The S100A9 protein forms new type of string-like polymeric assemblies
Protein aggregation and activation of inflammatory pathways are common features of age-related neurodegenerative disorders. Conversion of misfolded normally soluble proteins into toxic amyloid aggregates is accompanied by upregulation of pro- inflammatory cytokines such as S100 proteins. S100s are small (10-12kDa) dimeric calcium-binding proteins with a dynamic cellular range of intra and extra cellular concentrations (nM to μM) and oligomeric states (2-8mer and higher) which act via regulatory protein:protein interactions, intracellular Ca2+ sensing and signalling processes in inflammation, proliferation and differentiation, cancer and neurodegeneration.
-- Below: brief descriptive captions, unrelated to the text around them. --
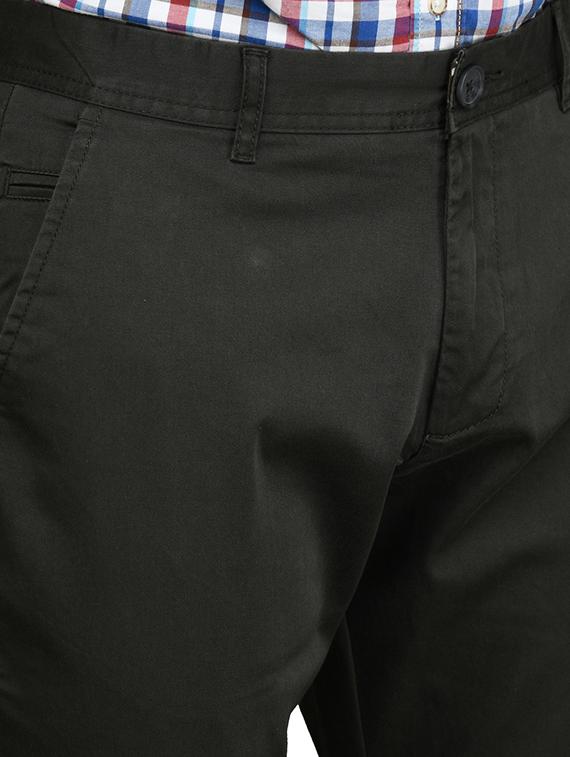 black solid flat front casual trouser - 17540532 - Zoom Image - 5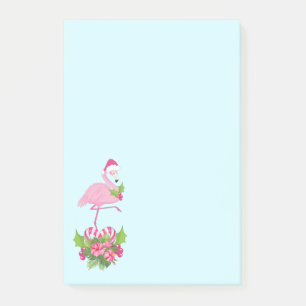 Post-it® Flamant rose rose à Santa Hat Noël Whimsical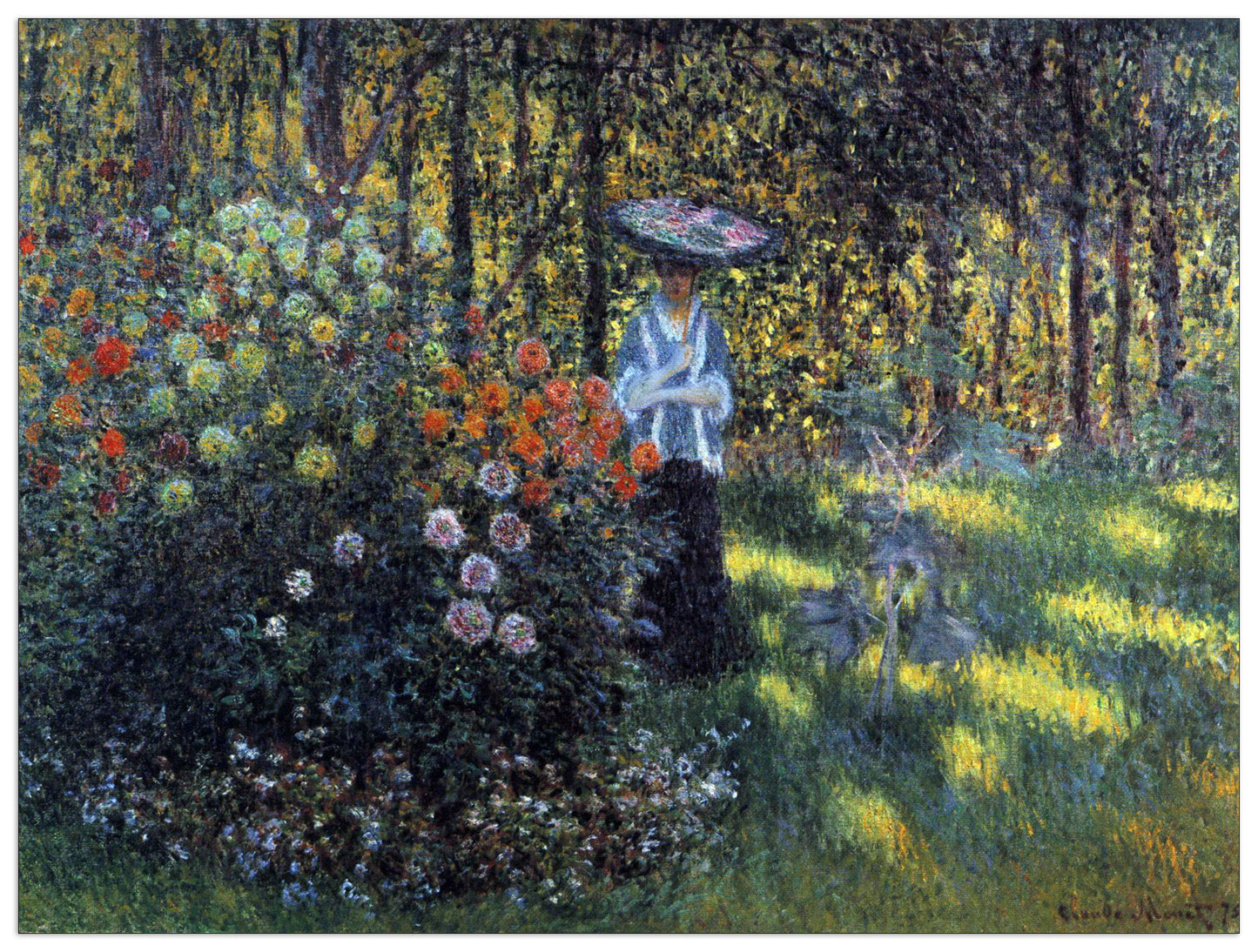 Woman with a parasol in the garden of Argenteuil cm 80x60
S100 proteins are consistently deregulated in pathophysiological conditions, including Alzheimer’s Disease (AD). In particular, S100A9 is highly abundant in AD brains1 and has been shown to be a relevant AD biomarker2, being upregulated in Tg2576 AD in connection with memory impairment3. S100A9 interacts with amyloid-beta playing role in its aggregation process4.
We gathered evidence that S100A9 forms stable string-like polymeric structures in vitro under physiological conditions. We hypothesize that these polymers, composed by assembly units which can reversibly dissociate, may be a form of protein stabilisation to maximize its extracellular lifetime in the synaptic environment.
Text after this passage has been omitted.